**What the task requires**
From the line containing "The ransomware attack" to the final line of the material below, return every line exactly. Do not include pictures.

**Data shown**
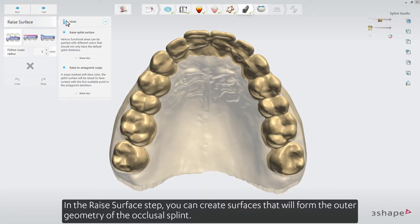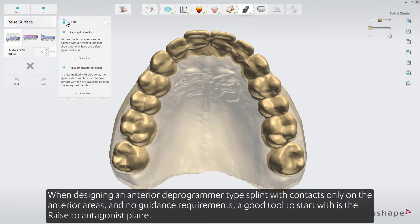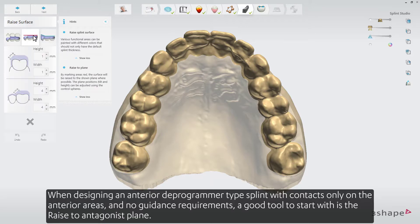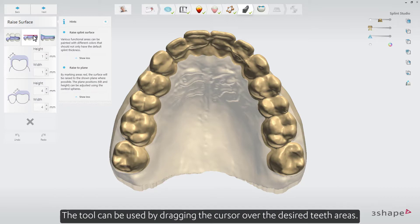In the raised surface step, you can create surfaces that will form the outer geometry of the occlusal splint. When designing an anterior deprogrammer type splint with contacts only on the anterior areas and no guidance requirements, a good tool to start with is the raised to antagonist plane. The tool can be used by dragging the cursor over the desired teeth areas.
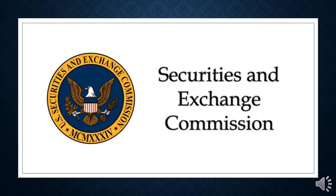The ransomware attack came at a time of heightened worries about the resiliency of the $26 trillion treasury market essential to the plumbing of global finance and is likely to draw scrutiny from regulators. It brings cyber threats into sharper focus.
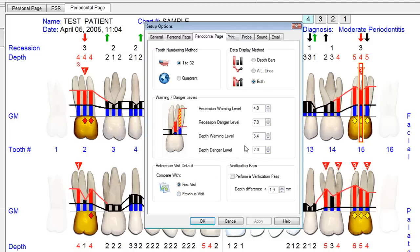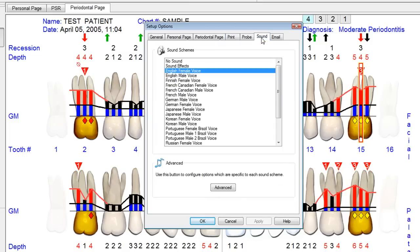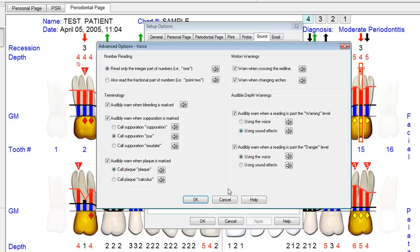Our warning levels are where we set both the warning and danger levels for both the on-screen and sound files. The sound features allow us to flip between a multitude of different languages, both male and female. Here in Florida, where the product was invented, we use Spanish quite a bit — both male and female. In the Advanced Options, you have the ability to flip between specific sounds.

**Output for this task**
The ransomware attack came at a time of heightened worries about the resiliency of the $26 trillion treasury market essential to the plumbing of global finance and is likely to draw scrutiny from regulators. It brings cyber threats into sharper focus.
Our warning levels are where we set both the warning and danger levels for both the on-screen and sound files. The sound features allow us to flip between a multitude of different languages, both male and female. Here in Florida, where the product was invented, we use Spanish quite a bit — both male and female. In the Advanced Options, you have the ability to flip between specific sounds.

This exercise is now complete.